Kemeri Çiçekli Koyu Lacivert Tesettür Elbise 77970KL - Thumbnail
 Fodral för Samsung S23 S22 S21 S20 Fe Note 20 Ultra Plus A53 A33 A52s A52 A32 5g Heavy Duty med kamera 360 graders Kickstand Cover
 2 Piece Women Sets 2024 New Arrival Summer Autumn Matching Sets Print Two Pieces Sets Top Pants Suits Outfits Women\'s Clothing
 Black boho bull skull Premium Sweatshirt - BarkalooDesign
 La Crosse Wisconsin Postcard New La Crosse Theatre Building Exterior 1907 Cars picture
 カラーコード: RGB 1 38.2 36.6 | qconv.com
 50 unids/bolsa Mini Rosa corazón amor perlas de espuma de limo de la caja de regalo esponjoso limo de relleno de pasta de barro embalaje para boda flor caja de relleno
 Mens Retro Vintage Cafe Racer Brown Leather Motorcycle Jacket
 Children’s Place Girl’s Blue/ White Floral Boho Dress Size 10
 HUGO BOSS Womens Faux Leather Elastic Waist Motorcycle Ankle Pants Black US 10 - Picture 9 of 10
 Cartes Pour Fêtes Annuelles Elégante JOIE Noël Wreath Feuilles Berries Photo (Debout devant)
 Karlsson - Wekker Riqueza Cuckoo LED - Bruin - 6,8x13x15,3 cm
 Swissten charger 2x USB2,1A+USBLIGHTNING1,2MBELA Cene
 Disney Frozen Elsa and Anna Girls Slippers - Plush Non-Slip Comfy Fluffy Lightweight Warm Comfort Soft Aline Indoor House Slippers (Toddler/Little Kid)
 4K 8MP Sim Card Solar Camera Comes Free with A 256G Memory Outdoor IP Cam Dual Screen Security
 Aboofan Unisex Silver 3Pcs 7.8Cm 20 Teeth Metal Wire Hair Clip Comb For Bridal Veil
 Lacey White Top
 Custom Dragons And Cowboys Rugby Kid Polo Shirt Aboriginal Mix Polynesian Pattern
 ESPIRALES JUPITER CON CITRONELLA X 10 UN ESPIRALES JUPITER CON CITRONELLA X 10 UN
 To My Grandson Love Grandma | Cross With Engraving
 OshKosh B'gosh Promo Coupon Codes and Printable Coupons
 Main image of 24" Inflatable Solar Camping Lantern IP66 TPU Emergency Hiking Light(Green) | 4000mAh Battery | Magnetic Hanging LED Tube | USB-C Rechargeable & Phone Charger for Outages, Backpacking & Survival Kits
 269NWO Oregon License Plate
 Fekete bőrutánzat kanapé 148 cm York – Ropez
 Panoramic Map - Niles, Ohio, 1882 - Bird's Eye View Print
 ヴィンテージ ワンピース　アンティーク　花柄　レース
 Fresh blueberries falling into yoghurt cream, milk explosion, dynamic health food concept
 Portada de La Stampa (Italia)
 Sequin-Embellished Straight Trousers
^^^^^^^^^^^^^^^^
Task brief: Could you set down, word for word, only the lines above from the line with "ESPIRALES JUPITER CON CITRONELLA X 10 UN ESPIRALES" to the line with "OshKosh B'gosh Promo", including both?

Reply:
 ESPIRALES JUPITER CON CITRONELLA X 10 UN ESPIRALES JUPITER CON CITRONELLA X 10 UN
 To My Grandson Love Grandma | Cross With Engraving
 OshKosh B'gosh Promo Coupon Codes and Printable Coupons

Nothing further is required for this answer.